Participants discussed possibilities for debt relief and singled out extreme poverty as one of the root causes of Central America's vulnerability to natural disasters. They noted that the lack of sustainable nvironmental practices and poor disaster prevention and response were major contributing factors to the enormous loss of life and suffering, which continues.

Mr. Speth said after the meeting: "It is very important not just to reconstruct, but to build something new. This means that infrastructure should be built to better withstand natural disasters. It means reconstruction of homes in less precarious areas and with more resilience. It means building new national institutional capacities to prevent and to mitigate events of this type."

Mr. Vieira de Mello emphasized that short-term relief efforts and long- term development efforts should go hand in hand. "Many of the sheltered people are living in public buildings, schools -- buildings that must be used for their originally intended purpose", he said. "Education is paralysed at present. While these people must leave their shelters, they must not return to the areas where they were living because these were high-risk areas. They must, therefore, be provided with new land with new services, with livelihoods, that is, employment opportunities. These are not simple issues. Therefore, we must start now in the knowledge that this will take years to resolve. But unless we start now, they will either return to where they came from and will become victims again when the next natural disaster strikes, or they will be tempted to migrate, to emigrate".

Mr. Vieira de Mello said that unless people were provided with new land and new livelihoods, they would continue to cut wood and use soil without conservation measures. The overuse of fragile lands and large-scale deforestation had contributed to the tragic consequences of the current disaster, he said.

Mr. Speth said that while the UNDP and other United Nations bodies could be helpful and supportive in Central America, the United Nations system recognized very much the leadership of the governments of the affected countries. "Our role is to be supportive and not to try to supplant capacities", he said. "It is very important to build indigenous capacities. The international community is responding, and there is a definite need to increase the absorptive capacity for the resources that are being made available, particularly the local absorptive capacities; the capacity to make good use of the funds that are available."

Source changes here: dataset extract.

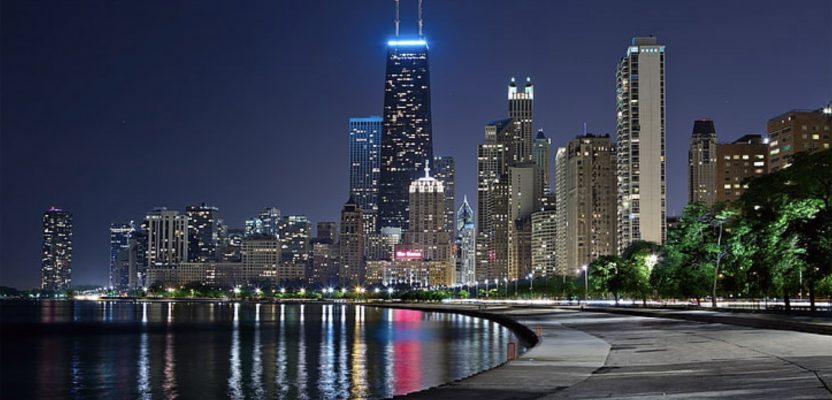 chicago lights up to honor first responders and essential workers. covid-19.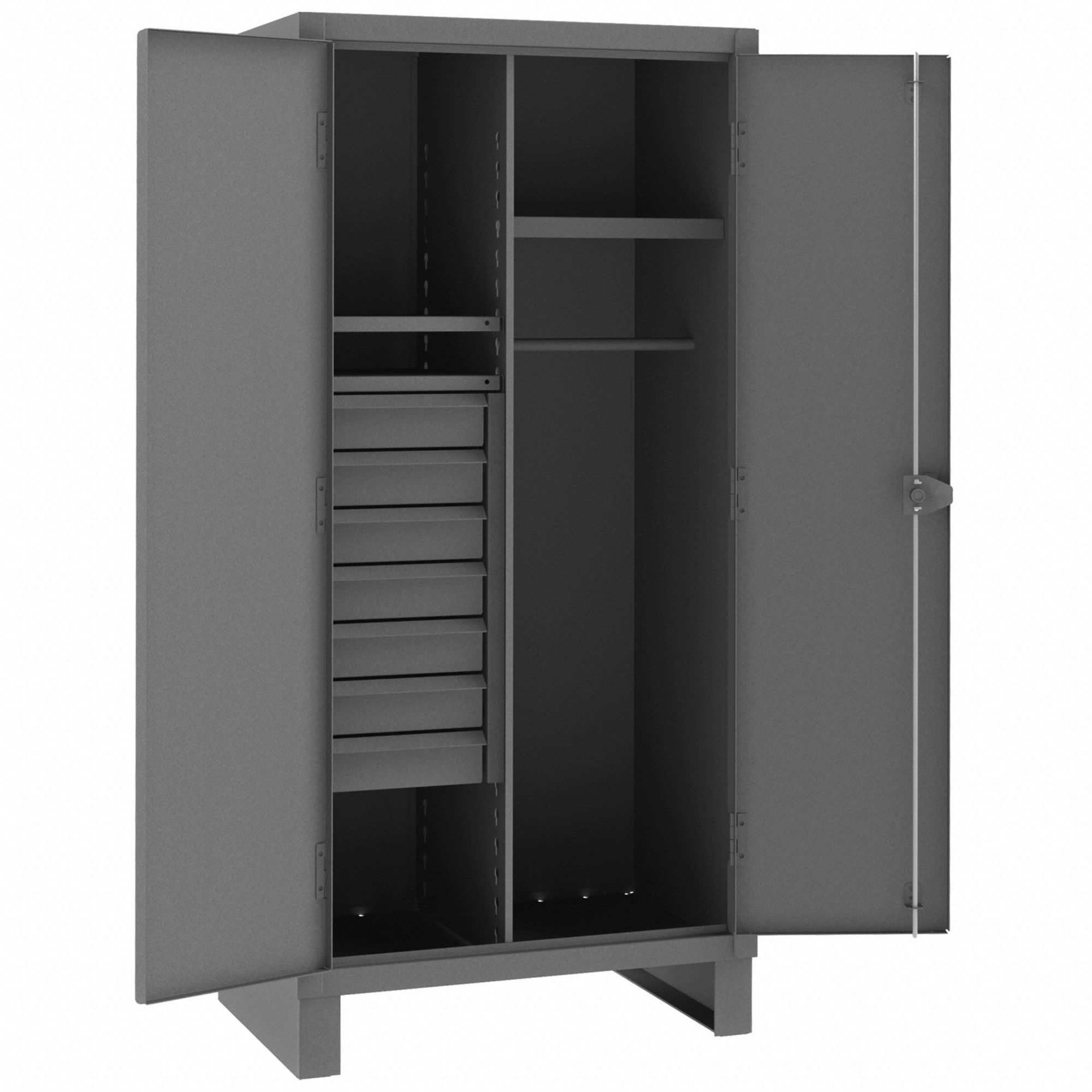 STORAGE CABINET, 36 IN X 24 IN X 78 IN, 3 SHELVES, 7 DRAWERS, SWING HANDLE & PADLOCK HASP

Humanitarian agencies will focus their efforts on food, health and shelter for hurricane victims, in concert with the long-term development efforts of the UNDP and other United Nations agencies to fight extreme poverty and environmental sustainability, Mr. Vieira de Mello said. Together, the OCHA and UNDP will develop a strategy -- to involve the United Nations Environment Programme (UNEP), the World Meteorological Organization and other specialized agencies -- to strengthen the early-warning, prevention, mitigation and disaster-response capacity, both at the national and regional levels.